In my copy of Dickens's "American Notes" the section on Pittsburgh is titled "Hell with the Lid off." I suppose an editor must have liked Mr. Parton's phrase enough to borrow it. This would account for a false attribution. I'll need to consult my edition but IIRC, the editor also added the "h" to Pittsburgh.
That quote is often attributed to Charles Dickens (he visited Pittsburg, no "h" yet, in 1842), but it actually came from Boston area biographer James Parton in 1868.
"Hell with the Lid Off" is also the title of a book about the intense rivalry between the Steelers and the Oakland Raiders in the 1970s.
It is interesting that in photos like these and in so many others from even earlier times, things look old and worn - the buildings, the walls. It's almost like they were built old, that they were never new or nice.
Do NOT miss that sharp, sudden right hand turn at the bottom. Today, we would spin that as an "infinity street".
Charles Dickens recorded his impression of Pittsburgh in his "American Notes" as "Hell with the lid off".
In an industrial city, smoke was a sign of prosperity and therefore good; but even in olden times, smoke could be too much of a good thing.
I don't see a handrail.
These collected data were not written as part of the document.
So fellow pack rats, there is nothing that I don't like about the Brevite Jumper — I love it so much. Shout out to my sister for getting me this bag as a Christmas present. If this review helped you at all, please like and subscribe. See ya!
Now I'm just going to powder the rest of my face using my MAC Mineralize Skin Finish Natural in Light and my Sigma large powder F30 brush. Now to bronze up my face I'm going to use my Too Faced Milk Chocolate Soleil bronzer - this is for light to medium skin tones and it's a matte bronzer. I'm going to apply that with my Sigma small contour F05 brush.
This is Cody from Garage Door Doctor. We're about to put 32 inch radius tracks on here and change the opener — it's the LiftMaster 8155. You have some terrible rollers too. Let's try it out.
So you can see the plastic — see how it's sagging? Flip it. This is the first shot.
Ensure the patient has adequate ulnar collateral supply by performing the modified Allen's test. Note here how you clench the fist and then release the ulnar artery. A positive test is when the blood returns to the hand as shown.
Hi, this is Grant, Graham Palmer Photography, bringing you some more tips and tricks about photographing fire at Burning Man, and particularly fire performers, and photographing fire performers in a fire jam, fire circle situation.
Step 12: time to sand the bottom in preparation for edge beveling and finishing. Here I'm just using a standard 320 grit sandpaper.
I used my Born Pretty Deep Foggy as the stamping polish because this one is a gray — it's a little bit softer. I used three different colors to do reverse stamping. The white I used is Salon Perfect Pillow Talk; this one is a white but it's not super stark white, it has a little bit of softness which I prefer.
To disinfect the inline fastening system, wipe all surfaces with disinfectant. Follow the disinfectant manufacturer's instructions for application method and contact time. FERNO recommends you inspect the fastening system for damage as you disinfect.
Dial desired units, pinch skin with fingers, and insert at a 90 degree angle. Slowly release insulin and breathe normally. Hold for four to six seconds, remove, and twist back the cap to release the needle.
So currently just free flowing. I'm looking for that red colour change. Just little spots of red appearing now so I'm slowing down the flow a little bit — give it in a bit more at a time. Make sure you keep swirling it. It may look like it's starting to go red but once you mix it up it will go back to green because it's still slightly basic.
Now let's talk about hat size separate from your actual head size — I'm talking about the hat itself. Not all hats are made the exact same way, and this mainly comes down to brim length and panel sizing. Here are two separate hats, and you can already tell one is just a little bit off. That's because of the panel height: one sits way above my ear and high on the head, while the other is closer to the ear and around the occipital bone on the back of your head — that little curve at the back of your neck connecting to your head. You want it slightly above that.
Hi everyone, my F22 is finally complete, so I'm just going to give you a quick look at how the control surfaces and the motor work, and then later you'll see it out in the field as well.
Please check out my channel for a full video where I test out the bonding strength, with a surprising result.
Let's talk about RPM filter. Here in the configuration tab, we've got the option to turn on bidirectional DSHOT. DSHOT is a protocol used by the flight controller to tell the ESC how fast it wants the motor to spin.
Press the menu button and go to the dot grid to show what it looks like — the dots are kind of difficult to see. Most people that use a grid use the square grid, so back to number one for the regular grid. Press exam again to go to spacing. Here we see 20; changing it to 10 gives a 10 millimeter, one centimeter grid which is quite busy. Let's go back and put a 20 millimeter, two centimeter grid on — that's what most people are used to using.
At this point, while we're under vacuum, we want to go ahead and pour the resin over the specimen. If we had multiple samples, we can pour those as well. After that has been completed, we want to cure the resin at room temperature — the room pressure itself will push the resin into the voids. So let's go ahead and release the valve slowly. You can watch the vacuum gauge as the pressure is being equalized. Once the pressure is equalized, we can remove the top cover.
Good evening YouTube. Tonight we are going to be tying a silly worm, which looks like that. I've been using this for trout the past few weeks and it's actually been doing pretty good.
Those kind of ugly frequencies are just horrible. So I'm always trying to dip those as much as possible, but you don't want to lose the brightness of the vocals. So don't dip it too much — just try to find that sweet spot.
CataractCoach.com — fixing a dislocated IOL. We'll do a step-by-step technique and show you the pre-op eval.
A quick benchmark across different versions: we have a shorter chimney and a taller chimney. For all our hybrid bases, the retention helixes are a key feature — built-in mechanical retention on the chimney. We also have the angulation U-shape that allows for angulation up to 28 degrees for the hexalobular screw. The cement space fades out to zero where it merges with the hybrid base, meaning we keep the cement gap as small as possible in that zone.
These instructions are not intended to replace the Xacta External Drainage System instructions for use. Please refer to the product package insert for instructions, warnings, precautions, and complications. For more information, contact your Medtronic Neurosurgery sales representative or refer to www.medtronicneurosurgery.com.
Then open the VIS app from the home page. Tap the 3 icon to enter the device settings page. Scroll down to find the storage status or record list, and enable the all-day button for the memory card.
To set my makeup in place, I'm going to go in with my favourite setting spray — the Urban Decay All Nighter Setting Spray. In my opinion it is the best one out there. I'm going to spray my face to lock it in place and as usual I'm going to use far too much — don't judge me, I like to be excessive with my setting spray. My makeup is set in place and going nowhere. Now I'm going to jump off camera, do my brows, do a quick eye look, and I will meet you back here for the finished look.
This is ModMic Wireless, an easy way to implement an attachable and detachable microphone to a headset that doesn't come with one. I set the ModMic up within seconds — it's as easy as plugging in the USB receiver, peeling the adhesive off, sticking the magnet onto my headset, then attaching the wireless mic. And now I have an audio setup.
Wood wouldn't last three winters and a metal one would be rendered useless in the freezing cold. Tough place to eke out life.
[Au contraire. - Dave]
Could you imagine walking up that hill every day? I'll bet she's got calves you could bust concrete on! And she probably has asthma to boot, because of all that smog!
In what looks like an otherwise dreary, polluted, hardscrable existence.
Kudos to the hard-working people who lived and toiled in Company and Factory Towns.